Most sustainability initiatives at St. Joe’s are now proposed and financed by Green Fund, a completely student-run organization. Past projects sponsored by the group have included installing water bottle refilling stations on campus and supplying students with reusable food containers.

Green Fund was one of many student groups impacted by budget cuts this semester. In previous years, the group was financed by a $5-per-student charge as part of an activity fee. Its 75 percent budget cut, effective this fall, was attributed in part to dwindling membership and a decrease in activity from the organization, implying a lack of interest from the student body.

The need for a centralized, well-funded group dedicated to planning and implementing university-wide sustainability initiatives has never been greater. Campus organizations set the tone for how we interact with our school environment–and that extends to efforts like recycling and other sustainability practices.

However, Green Fund’s model of students having the sole responsibility of bringing proposals to the administration does not encourage involvement from all members of the St. Joe’s community, including faculty and staff.

A sustainability-focused group would need to cull input from the entire St. Joe’s community, as the previous committee did, to ensure that all members of the university are engaged in making our school more eco-friendly.

The efficiency of a centralized, sustainability-focused group would also need to be supplemented by student groups’ efforts to make their events and meetings more environmentally friendly.

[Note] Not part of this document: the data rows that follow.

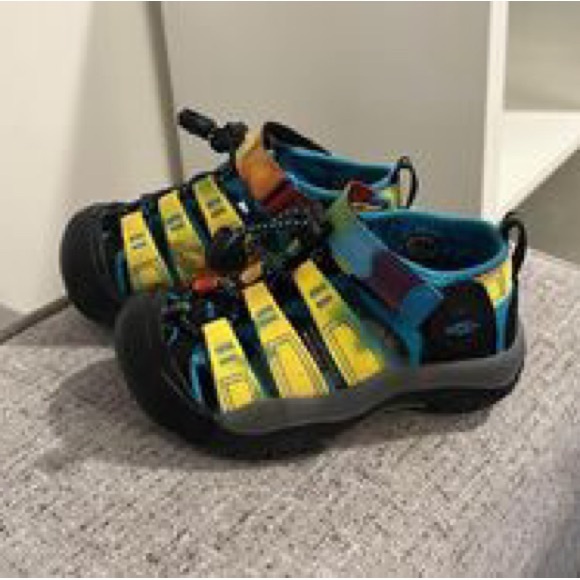 Keen Toddler Size 8T Sandals - Picture 2 of 2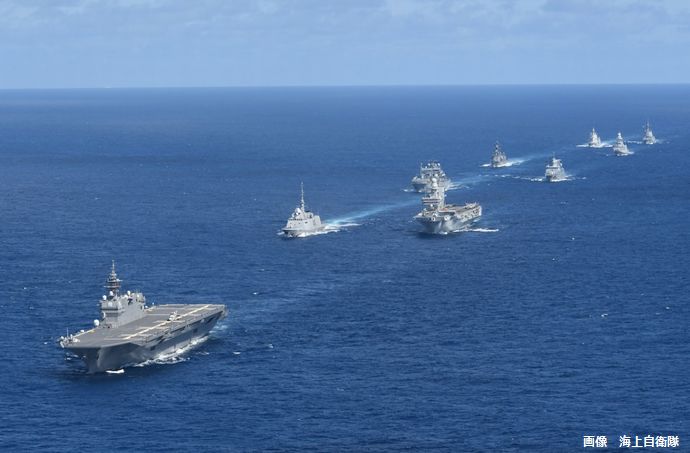海自の巨艦「いずも」が先頭！圧巻すぎる「多国籍(日豪伊独仏)の大艦隊」画像が公開… イタリア空母も参加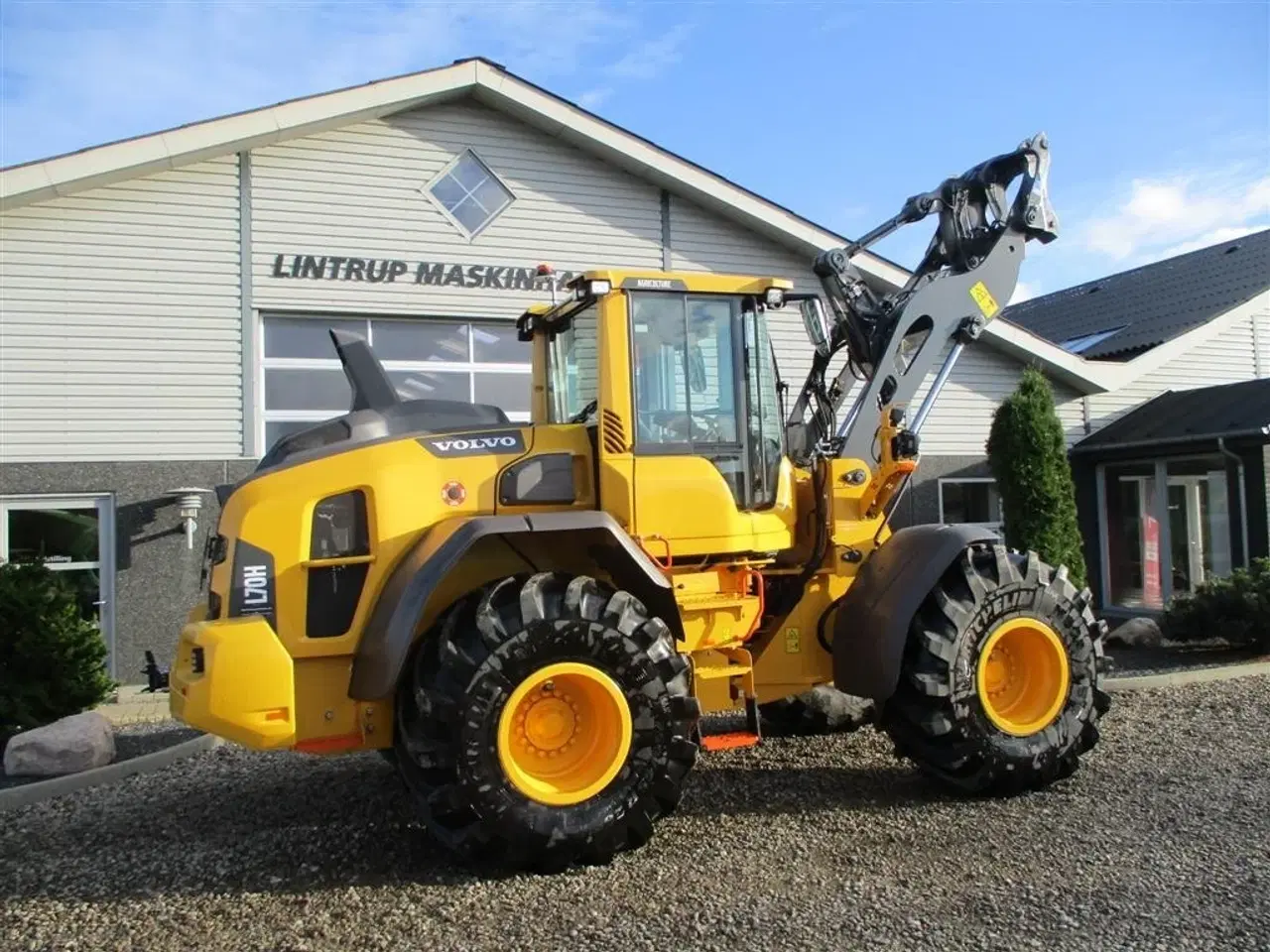 Billede 10 - Volvo L 70 H H2, BEMÆRK MED GARANTI FRA VOLVO FREM TIL DEN 18.6.2026. AGRICULTURE DK-maskine, Co-Pilot & med 750mm Michelin MEGA X BIB hjul.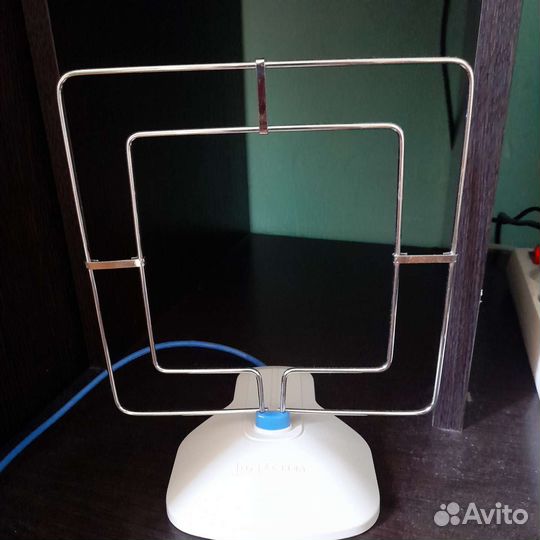 Продается комнатная антенна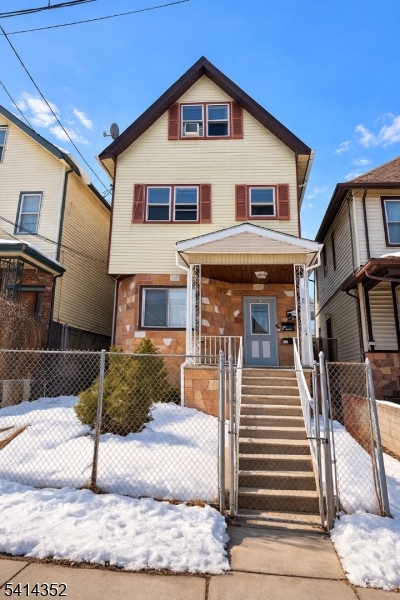 832 Parker Street Newark NJ 07104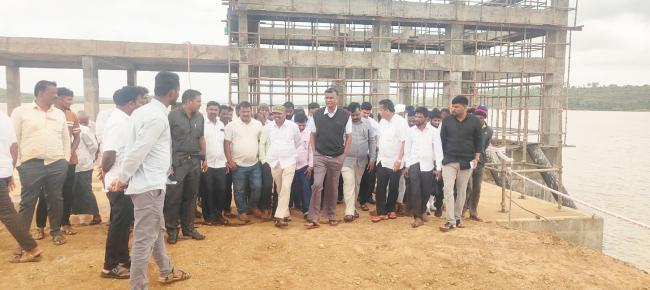 ಸಚಿವ ಸತೀಶ್ ಜಾರಕಿಹೊಳಿ ಕಾಮಗಾರಿ ಪರೀಶೀಲನೆ 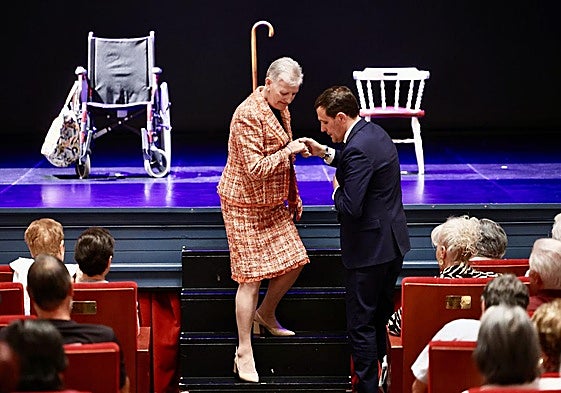 El presidente de la Diputación de Valladolid, Conrado Íscar, y la presidenta de CONJUPE, Adela Cabezas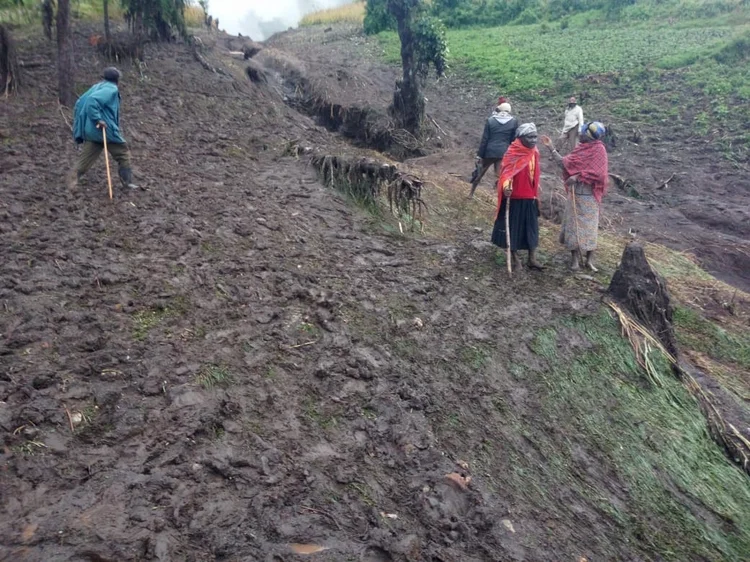 Quênia: os deslizamentos destruíram pontes, estradas e casas nas cidades de Parua, Nyarkulian e Muino (Moses Lokeris/Reuters)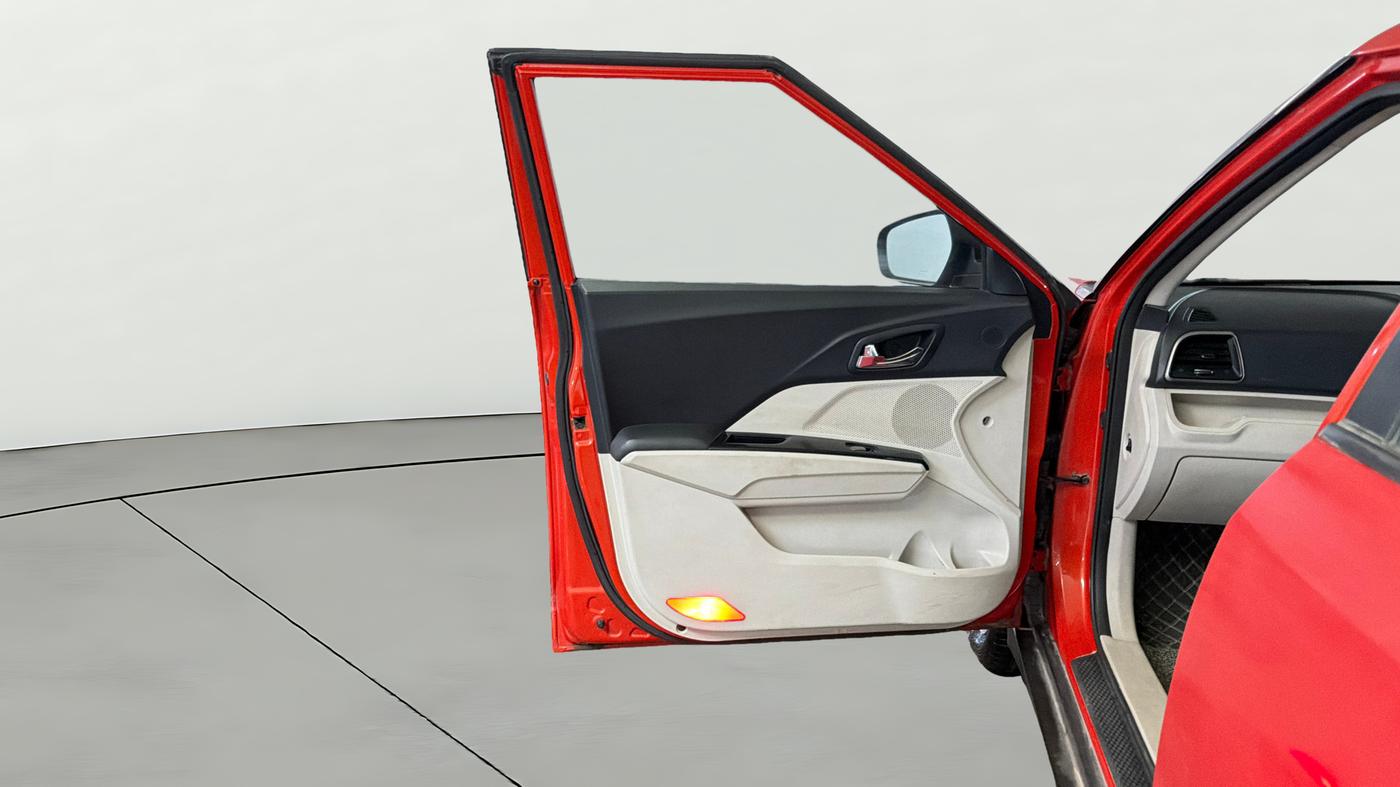 2019 Mahindra XUV300 W8 1.2 PETROL, Petrol, Manual, 1,06,801 km, LHS Front Door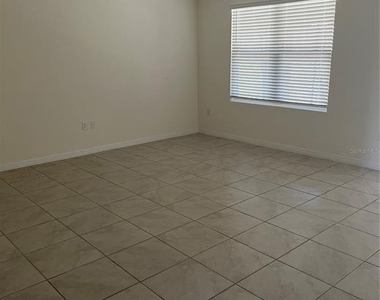 5485 Palomino Place - Photo Thumbnail 2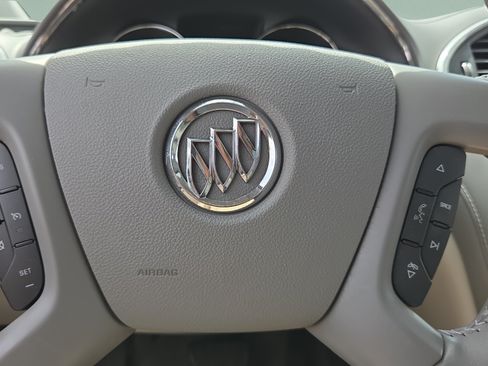 Used 2017 Buick Enclave Premium w/ Experience Buick Package AWD/4WD image 28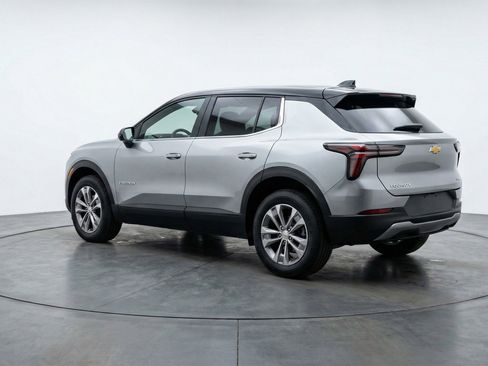 Used 2025 Chevrolet Equinox LT FWD image 6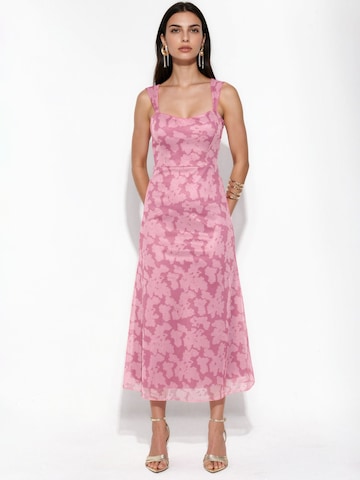 Hiccup - Vestido em rosa: frente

All student groups can find their own ways to contribute, starting with small changes like providing compostable utensils at general meetings where food is served. Easier-to-implement initiatives can create a precedent for larger-scale events, like a letter-writing or phone-banking campaign in support of sustainability-focused legislation.

Outside of ensuring our dining facilities are adhering to sustainability best practices, other campus locations, like the SJU Bookstore, have steps they can take towards a more environmentally-friendly future. While it may not be realistic to expect the university to move the newly-renovated bookstore completely online as other colleges have done, selling course packs in the form of ebooks would substantially cut down on paper waste.

The current system at St. Joe’s, in which students use physical course packs for 15 weeks before discarding them, is financially and materially wasteful.

Ensuring environmental sustainability is supported by our Jesuit mission–Pope Francis even wrote one of his encyclicals, “Laudato si,” on the importance of quickly and effectively responding to climate change.

To this end, all members of the St. Joe’s community ought to take advantage of the university’s call for feedback on how it can ensure the continuance of its Jesuit mission, either at the Nov. 28 examen in Campion Student Center’s North Lounge, or in the Mission Priority Examen Survey, distributed via email on Nov. 2.

We need to consider how sustainable our campus actually is, while asking all members of our community to further our Jesuit mission by committing to making the planet a safer, more habitable place for all people.

—The Editorial Board

This week’s Editorial Board is comprised of the Editor-in-Chief, Managing Editor, Opinions Editor, Editorial Page Editor, Copy Chief and Assistant Social Media Manager. This editorial reflects the views of the Board and not the entire Hawk staff.